_Exercise brief:_ Filter the entries for the word "Street". Copy each line that has it.

_Task inputs:_
══════════
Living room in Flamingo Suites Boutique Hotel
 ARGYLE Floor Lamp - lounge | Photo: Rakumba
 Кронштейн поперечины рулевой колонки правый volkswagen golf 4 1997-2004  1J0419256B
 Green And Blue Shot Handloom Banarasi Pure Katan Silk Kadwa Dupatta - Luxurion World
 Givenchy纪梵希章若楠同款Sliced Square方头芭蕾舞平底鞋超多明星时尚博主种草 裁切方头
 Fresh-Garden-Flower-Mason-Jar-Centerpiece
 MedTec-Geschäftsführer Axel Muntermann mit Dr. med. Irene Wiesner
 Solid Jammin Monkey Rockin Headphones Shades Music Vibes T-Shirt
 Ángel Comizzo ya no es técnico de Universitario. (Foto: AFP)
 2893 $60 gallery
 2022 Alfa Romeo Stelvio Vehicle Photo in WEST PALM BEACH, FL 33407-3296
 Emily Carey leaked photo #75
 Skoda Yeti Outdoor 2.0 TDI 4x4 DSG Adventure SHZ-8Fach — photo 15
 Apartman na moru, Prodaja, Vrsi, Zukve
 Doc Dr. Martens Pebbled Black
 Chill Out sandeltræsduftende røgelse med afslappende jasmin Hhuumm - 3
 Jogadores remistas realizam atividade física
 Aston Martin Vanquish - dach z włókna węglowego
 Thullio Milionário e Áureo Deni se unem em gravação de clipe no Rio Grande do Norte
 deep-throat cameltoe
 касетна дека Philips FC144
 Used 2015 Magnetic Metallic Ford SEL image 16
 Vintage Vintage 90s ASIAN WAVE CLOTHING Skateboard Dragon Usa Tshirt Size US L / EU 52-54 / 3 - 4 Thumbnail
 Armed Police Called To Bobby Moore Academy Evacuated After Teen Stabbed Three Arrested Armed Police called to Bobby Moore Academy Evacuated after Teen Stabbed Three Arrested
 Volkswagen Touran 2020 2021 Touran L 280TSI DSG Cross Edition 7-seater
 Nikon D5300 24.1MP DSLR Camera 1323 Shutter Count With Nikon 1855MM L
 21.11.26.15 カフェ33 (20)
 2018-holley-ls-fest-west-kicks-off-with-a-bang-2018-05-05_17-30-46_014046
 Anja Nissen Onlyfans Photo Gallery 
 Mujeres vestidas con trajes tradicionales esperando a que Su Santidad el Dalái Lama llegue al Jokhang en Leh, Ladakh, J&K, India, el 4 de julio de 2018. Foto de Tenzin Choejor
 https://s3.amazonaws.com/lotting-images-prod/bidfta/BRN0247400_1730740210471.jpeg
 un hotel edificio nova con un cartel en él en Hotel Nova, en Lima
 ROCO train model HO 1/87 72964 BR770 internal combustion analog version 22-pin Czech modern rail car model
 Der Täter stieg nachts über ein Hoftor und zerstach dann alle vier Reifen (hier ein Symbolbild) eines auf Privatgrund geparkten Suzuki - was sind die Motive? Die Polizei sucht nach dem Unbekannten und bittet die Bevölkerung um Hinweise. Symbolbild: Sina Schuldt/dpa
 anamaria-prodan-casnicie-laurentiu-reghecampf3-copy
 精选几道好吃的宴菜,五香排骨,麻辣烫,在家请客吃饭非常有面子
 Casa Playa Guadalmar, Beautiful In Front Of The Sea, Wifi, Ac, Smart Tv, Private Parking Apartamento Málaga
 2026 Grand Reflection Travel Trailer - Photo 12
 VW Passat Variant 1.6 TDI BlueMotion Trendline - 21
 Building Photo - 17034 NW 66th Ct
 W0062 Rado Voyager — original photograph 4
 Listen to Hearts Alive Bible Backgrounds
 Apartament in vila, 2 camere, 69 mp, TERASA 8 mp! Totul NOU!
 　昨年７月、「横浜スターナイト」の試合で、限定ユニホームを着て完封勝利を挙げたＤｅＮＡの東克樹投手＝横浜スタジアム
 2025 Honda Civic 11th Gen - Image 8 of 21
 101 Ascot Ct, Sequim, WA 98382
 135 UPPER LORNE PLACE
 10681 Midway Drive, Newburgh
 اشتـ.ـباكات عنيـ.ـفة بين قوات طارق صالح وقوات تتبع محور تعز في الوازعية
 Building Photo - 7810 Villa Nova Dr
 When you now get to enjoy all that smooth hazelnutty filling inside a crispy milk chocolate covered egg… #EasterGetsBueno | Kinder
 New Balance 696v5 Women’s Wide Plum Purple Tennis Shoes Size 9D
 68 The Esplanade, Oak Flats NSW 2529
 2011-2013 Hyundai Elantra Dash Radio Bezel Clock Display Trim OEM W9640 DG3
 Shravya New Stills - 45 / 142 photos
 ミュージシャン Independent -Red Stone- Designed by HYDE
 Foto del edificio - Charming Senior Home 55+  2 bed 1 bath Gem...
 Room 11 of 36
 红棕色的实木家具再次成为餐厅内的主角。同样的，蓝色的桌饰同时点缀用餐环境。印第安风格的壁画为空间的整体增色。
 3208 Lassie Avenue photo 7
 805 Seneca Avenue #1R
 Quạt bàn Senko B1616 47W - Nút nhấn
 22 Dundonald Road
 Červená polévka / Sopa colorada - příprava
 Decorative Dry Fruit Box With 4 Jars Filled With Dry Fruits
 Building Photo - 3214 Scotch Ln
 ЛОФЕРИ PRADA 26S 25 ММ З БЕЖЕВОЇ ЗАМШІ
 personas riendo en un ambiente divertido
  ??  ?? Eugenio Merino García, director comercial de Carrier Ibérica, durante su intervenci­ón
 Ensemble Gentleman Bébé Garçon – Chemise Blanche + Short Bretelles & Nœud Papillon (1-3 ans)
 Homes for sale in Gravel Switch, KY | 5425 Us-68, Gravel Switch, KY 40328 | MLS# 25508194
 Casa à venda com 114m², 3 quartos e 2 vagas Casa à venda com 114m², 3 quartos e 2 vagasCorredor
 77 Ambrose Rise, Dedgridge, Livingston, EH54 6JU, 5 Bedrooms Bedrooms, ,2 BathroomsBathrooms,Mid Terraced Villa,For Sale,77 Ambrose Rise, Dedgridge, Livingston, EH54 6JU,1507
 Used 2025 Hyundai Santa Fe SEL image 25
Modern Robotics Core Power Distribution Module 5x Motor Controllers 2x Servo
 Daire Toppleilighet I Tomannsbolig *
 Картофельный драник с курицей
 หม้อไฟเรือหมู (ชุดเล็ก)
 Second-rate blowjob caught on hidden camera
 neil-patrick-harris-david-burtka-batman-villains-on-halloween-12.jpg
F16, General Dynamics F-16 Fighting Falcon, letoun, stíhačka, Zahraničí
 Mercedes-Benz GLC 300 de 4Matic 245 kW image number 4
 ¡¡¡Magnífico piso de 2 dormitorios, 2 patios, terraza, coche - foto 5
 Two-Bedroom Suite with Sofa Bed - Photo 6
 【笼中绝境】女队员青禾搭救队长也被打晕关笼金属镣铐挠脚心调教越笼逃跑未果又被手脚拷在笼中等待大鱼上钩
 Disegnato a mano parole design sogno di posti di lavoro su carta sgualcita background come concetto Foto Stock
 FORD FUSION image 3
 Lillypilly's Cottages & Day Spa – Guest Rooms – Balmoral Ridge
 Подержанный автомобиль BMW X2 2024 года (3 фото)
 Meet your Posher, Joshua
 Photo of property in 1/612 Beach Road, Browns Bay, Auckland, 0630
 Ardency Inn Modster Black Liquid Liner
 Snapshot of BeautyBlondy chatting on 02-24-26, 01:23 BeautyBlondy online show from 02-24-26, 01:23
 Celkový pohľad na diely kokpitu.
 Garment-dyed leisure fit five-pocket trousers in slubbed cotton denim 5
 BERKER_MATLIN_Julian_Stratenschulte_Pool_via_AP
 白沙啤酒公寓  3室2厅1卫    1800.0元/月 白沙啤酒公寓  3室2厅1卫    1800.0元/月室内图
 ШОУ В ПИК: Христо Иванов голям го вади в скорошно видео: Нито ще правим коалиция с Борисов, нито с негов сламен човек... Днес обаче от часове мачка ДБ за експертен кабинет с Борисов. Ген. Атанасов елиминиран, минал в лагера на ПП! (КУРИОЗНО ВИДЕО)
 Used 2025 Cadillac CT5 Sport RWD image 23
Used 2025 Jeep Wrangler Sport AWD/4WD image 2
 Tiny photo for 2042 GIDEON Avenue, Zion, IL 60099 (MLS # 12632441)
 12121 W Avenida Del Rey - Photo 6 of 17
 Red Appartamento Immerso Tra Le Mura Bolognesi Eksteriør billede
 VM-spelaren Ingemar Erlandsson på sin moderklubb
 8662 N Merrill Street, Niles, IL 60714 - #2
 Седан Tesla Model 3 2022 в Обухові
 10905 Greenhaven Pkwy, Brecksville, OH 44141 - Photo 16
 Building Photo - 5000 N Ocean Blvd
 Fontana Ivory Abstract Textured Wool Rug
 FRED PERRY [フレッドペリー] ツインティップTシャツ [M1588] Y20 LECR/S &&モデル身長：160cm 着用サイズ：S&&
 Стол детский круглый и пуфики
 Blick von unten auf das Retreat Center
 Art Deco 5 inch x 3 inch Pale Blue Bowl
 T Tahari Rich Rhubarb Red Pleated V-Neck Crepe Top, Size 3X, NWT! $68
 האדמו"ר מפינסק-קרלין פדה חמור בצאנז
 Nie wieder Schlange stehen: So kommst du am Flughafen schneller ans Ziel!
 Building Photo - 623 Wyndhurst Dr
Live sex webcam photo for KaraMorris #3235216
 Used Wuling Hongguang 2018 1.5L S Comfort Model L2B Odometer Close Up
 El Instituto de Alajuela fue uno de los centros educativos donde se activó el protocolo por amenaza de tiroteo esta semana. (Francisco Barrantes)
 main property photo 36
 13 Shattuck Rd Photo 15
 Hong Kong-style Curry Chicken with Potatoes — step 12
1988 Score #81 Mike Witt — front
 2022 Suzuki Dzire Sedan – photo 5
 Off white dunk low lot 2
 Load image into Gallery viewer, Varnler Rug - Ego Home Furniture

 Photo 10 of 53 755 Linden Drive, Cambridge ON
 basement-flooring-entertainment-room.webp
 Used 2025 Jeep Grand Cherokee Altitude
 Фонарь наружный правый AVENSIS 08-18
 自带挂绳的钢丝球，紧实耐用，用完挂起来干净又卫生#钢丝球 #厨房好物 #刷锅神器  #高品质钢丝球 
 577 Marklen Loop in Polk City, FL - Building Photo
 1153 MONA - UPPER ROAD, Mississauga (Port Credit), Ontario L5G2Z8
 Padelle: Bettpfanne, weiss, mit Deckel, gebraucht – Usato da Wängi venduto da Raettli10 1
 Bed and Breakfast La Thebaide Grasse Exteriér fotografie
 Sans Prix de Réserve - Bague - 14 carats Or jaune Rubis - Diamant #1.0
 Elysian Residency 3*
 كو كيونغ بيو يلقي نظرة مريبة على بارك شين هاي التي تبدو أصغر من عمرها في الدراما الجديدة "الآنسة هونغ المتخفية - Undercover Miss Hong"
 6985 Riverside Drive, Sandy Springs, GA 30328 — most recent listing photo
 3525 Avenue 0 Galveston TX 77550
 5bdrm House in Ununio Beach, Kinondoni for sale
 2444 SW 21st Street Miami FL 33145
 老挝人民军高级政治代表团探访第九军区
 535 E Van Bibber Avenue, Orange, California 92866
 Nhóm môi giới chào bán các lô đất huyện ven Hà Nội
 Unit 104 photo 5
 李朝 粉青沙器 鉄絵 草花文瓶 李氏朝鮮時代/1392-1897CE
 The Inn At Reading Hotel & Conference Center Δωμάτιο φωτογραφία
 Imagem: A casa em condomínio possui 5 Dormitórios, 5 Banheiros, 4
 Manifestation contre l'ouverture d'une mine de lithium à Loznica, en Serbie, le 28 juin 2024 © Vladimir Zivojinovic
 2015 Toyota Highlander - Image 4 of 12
══════════
_Answer space:_
 8662 N Merrill Street, Niles, IL 60714 - #2
 2444 SW 21st Street Miami FL 33145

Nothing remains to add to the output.